Pod status Unknown after recreate

jhunt / k8s-boshrelease

A BOSH Release for deploying Kubernetes clusters

MIT License

13 stars 9 forks source link

Pod status Unknown after recreate #33

Closed tpoland closed 4 years ago

tpoland commented 4 years ago

After running bosh with the recreate directive for single VM k8s cluster the coredns pods and any pods deployed outside of the kube-system namespace have a status of "Unknown". Describing the pod shows a Stats of "Running" with a Container state of "Terminated" and an Event message status of "Pod sandbox changed, it will be killed and re-created.".

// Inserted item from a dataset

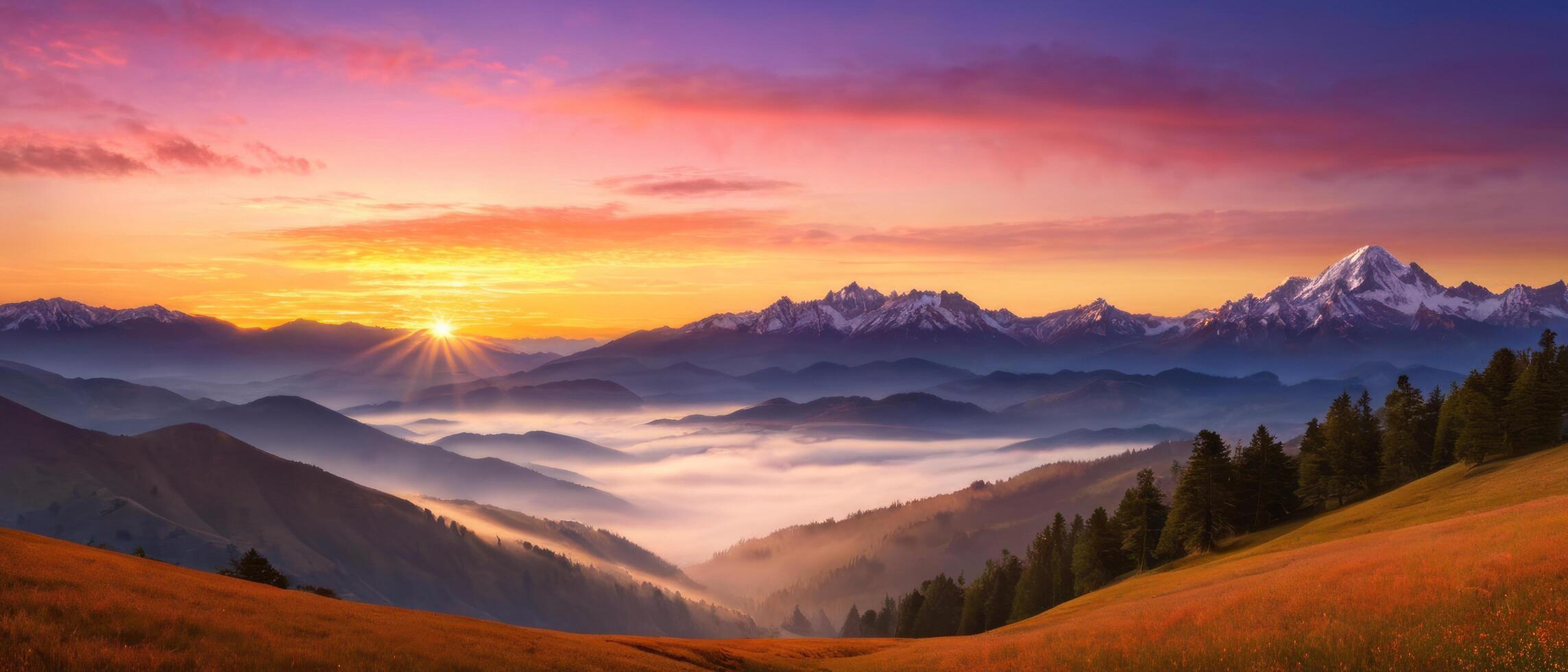 mountain lanscape. golden hour view of mountain photo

Terminating the affected pods results in a recovery of those pods.

tpoland commented 4 years ago

Upgrading the bosh deployment from a 1-node to a 2-node cluster also resulted in the same pod set failing.

Using a two-node k8s cluster fewer pods end up in an "Unknown" state, but the issue is still present.

tpoland commented 4 years ago

Upgrading from a 2-node to 3-node k8s cluster does not result in any pod failures. Issuing a recreate does still result in a small subset of pod failures.

jhunt commented 4 years ago

Yeah, I think we need to start cordoning and draining nodes in a pre-stop. Curious how that will effect tinynetes, and whether or not we'll have to make that configurable...

jhunt commented 4 years ago

I think this is handled in #34, with a drain script. Take a look, and see what you think.

jhunt commented 4 years ago

The fixes in PR #34 will be available in the next (1.18.x) release.